Onde está Marcelo?

A tarde estava tranquila. Um grupo de gente que se entusiasmara a falar sobre as Aldeias do Xisto durante a manhã no Museu de Arte Popular, em Lisboa, aconchegara o estômago no restaurante do lado, e preparava-se para as conferências da tarde.
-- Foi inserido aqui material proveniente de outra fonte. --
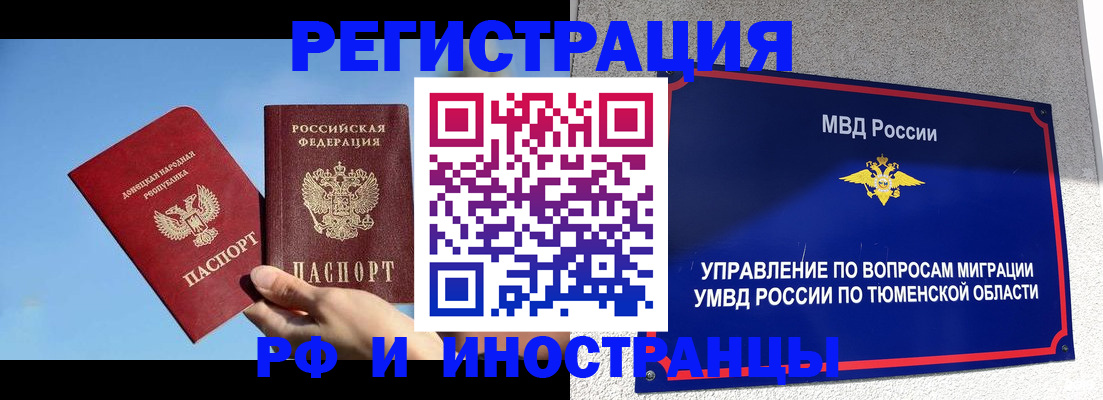 временная регистрация в квартире в Алейске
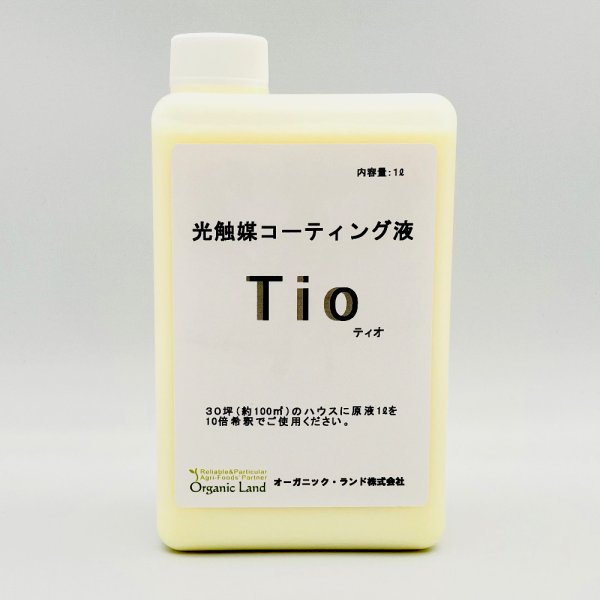 画像1: 光触媒コーティング液　TiO（ティオ） (1)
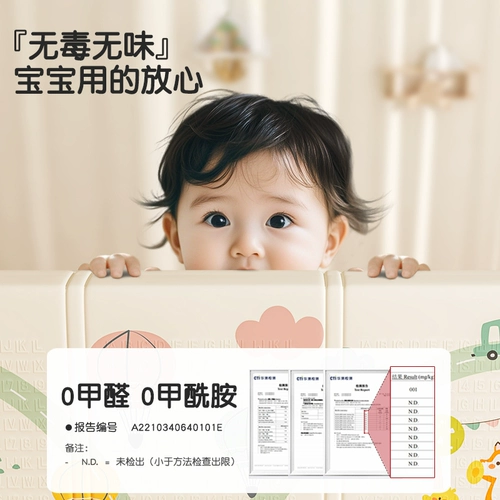 Детский нетоксичный игровой коврик для ползания для домашнего использования для гостиной, складной ковер для младенца, увеличенная толщина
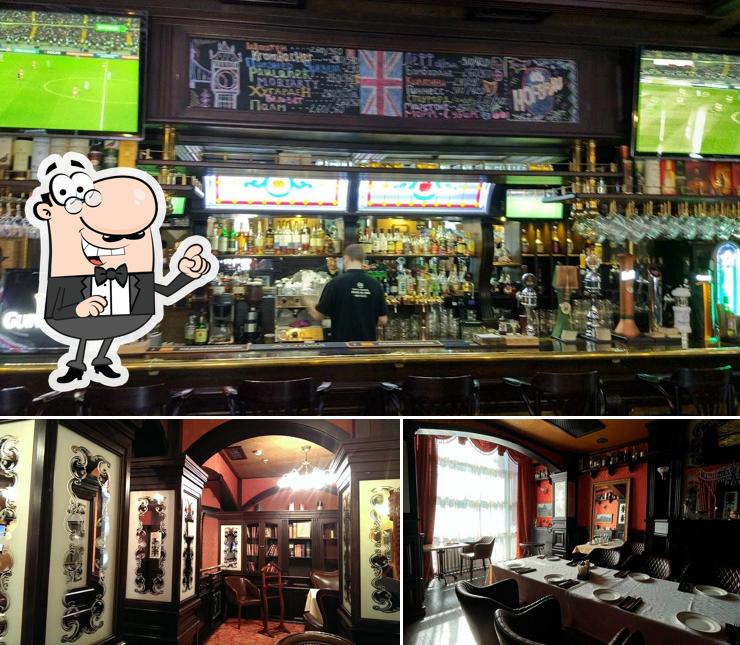 Забронируйте столик в "Шерлоке Холмсе"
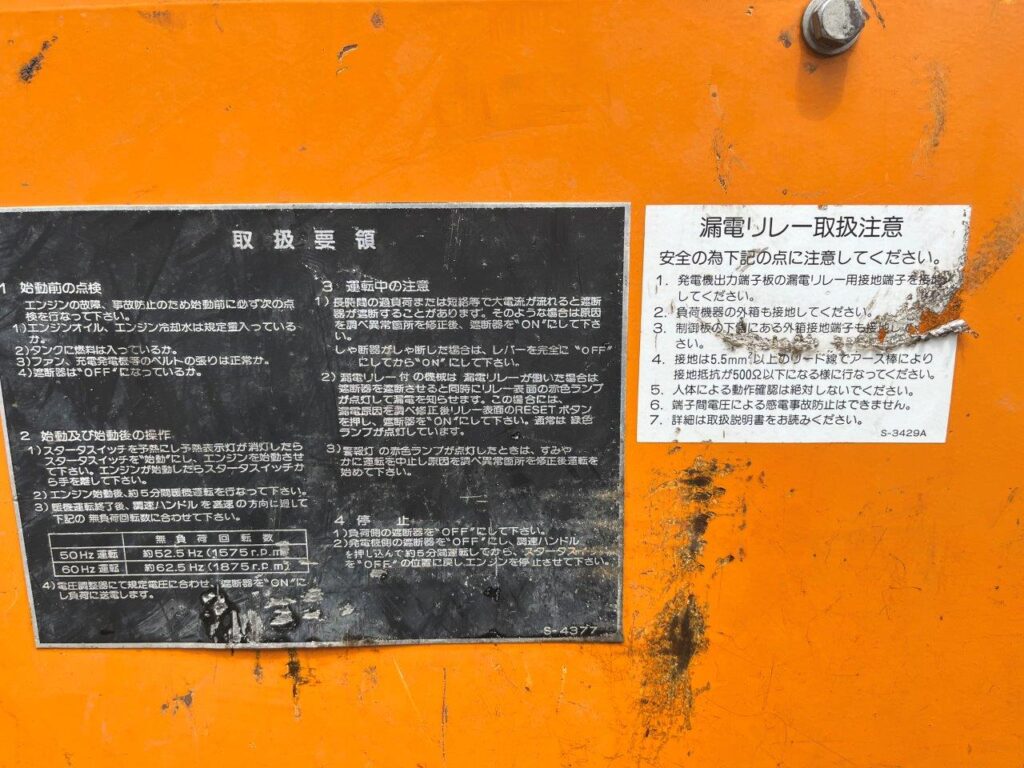 デンヨー　発電機　DCA-13SPK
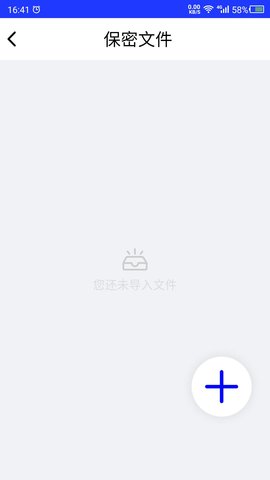 天天视频加密app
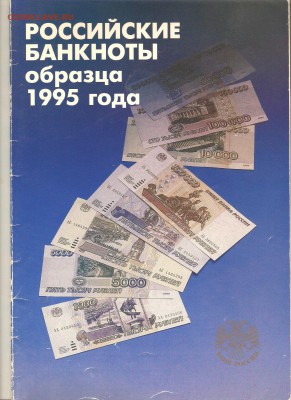 Российские банкноты образца 1995г. До 15.12.18. 22-30 - 003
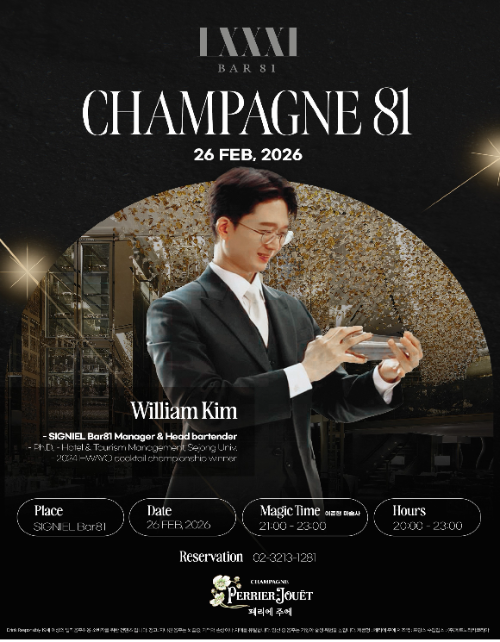 시그니엘 서울 바81, 페리에 주에 프리 플로우 행사 진행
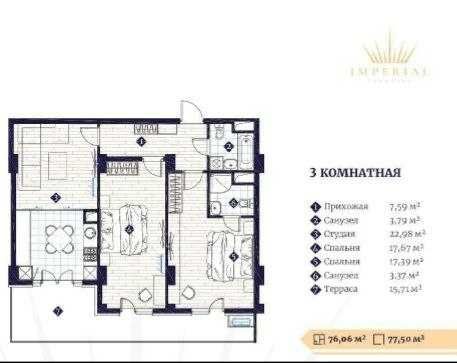 3-х комнатная коробка в ЖК «Imperial Club City» ID: 7829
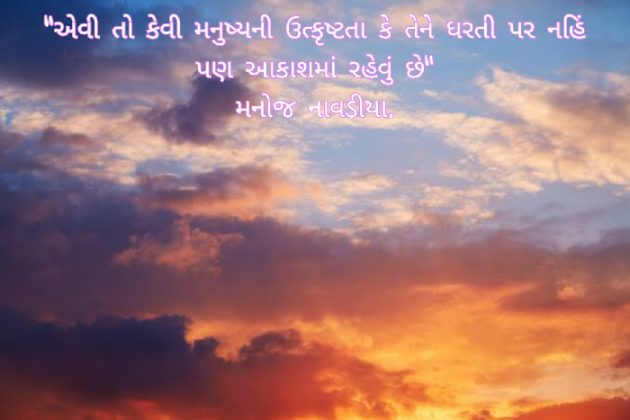 Gujarati Motivational by મનોજ નાવડીયા : 111558340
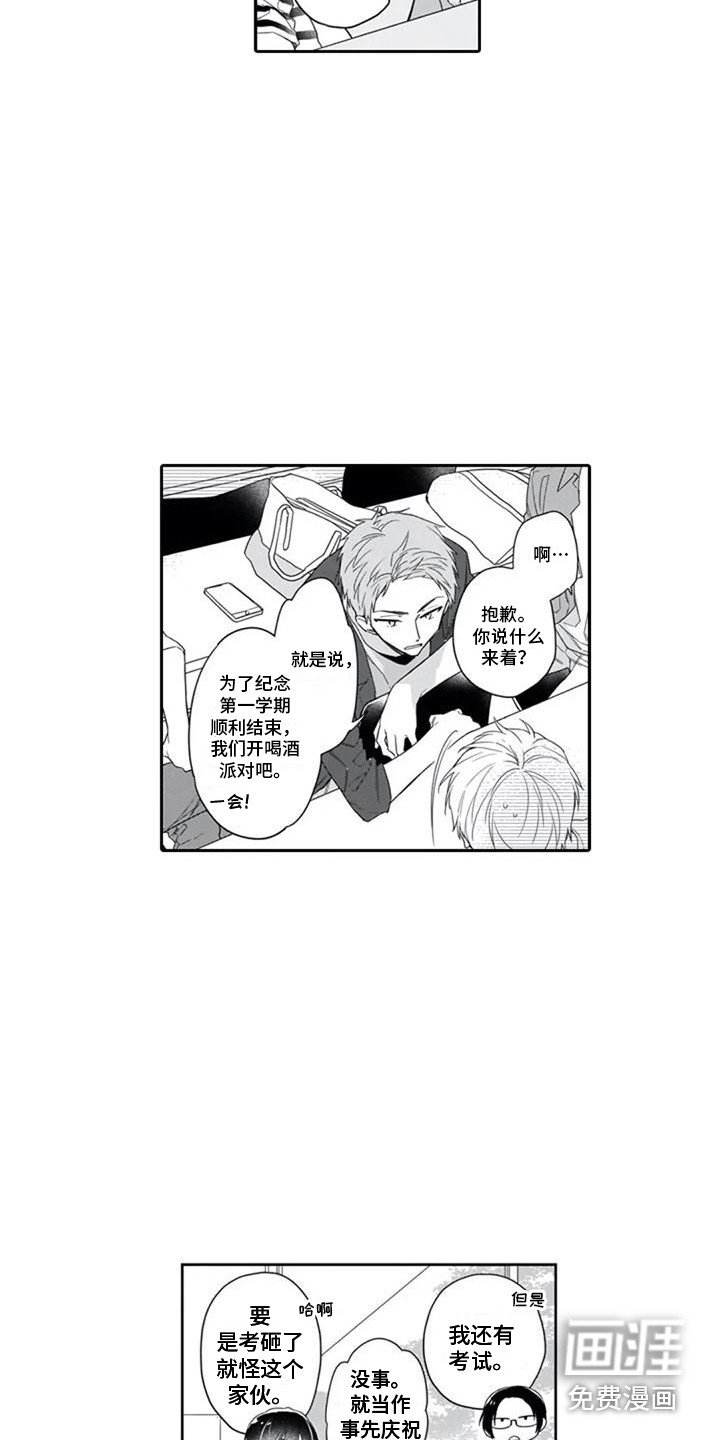第12章：朋友们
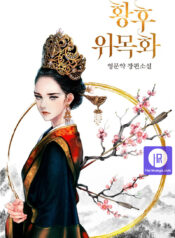 Empress Wi Mokhwa
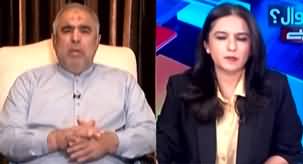 Sawal Yeh Hai (Who Is Making Forward Bloc in PTI?) - 29th June 2024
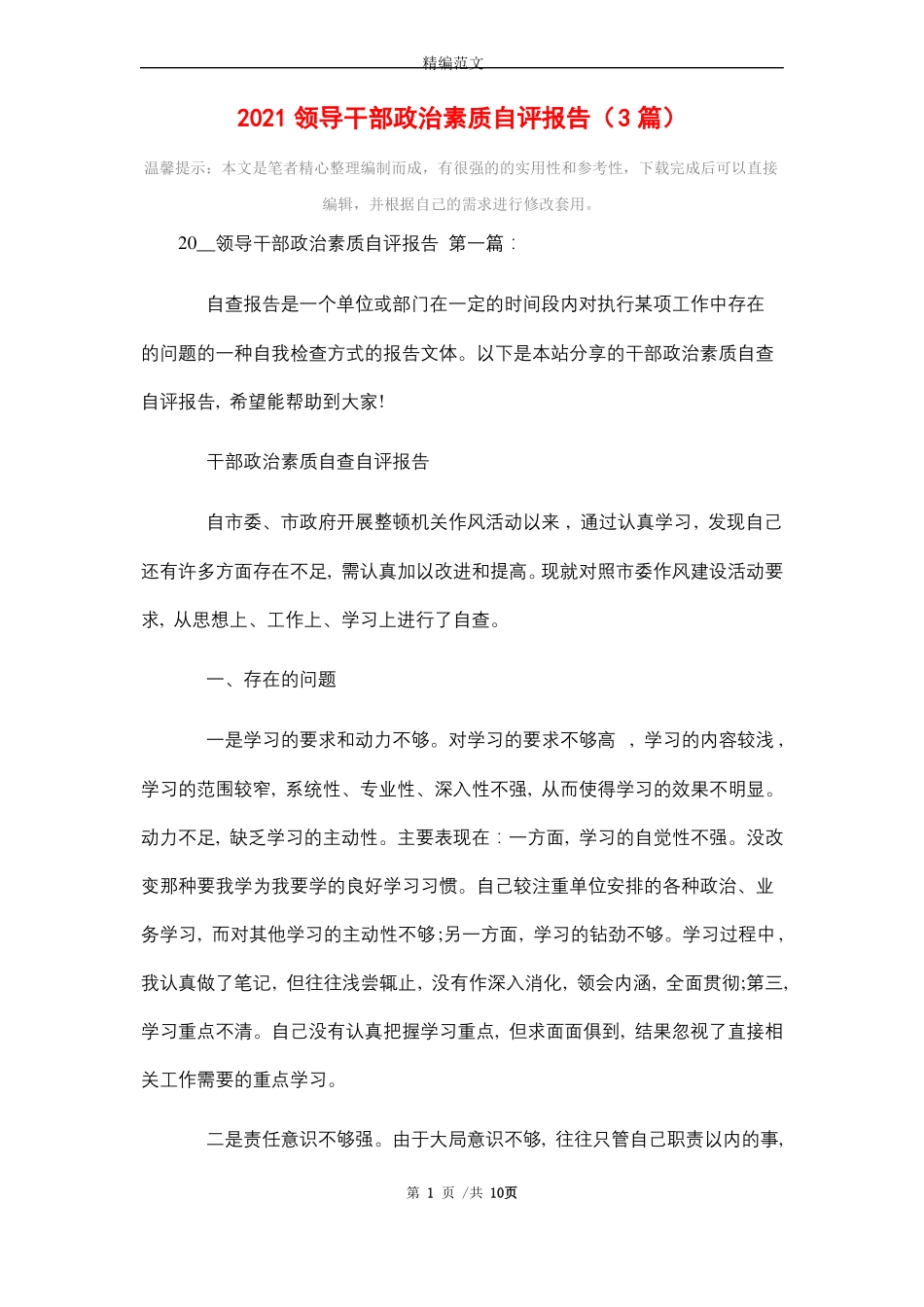 2021领导干部政治素质自评报告3篇精选_第1页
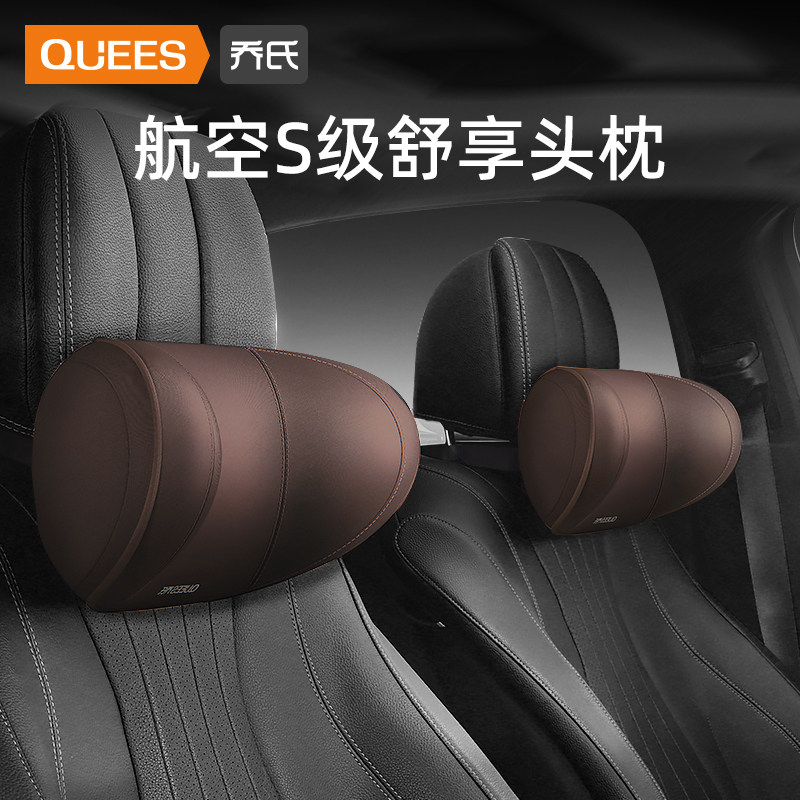 Car pillow neck pillows rest on pillows for air Maibach seat pillows for cervical spine on-board neck pillows BMFW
Regressavam ao museu e no átrio ecoavam vozes, trocavam-se apertos de mão, cartões-de-visita, conversas regadas com entusiasmo. E eis que o local é atravessado por um foguete. Uma seta. E quando os olhares conseguem fixar-se dizem, mais ou
menos baixinho, “é o Marcelo!”.

Marcelo Rebelo de Sousa foi acolhido por quem ali estava. Conhecia alguns, passou a conhecer outros. Sem mediação, tu-cá-tu-lá.

Logo as funcionárias do museu, das poucas que sabiam da presença do Presidente da República na sala da Exposição Agricultura Lusitana, tomaram posições para uma selfie – enquanto todos os outros se recompunham daquela presença não agendada (de tal maneira que nem o presidente da ADXTUR, que organizava o seminário Visões para o Futuro das Aldeias do Xisto, marcaria presença em tempo útil para apertar a mão ao Presidente da República).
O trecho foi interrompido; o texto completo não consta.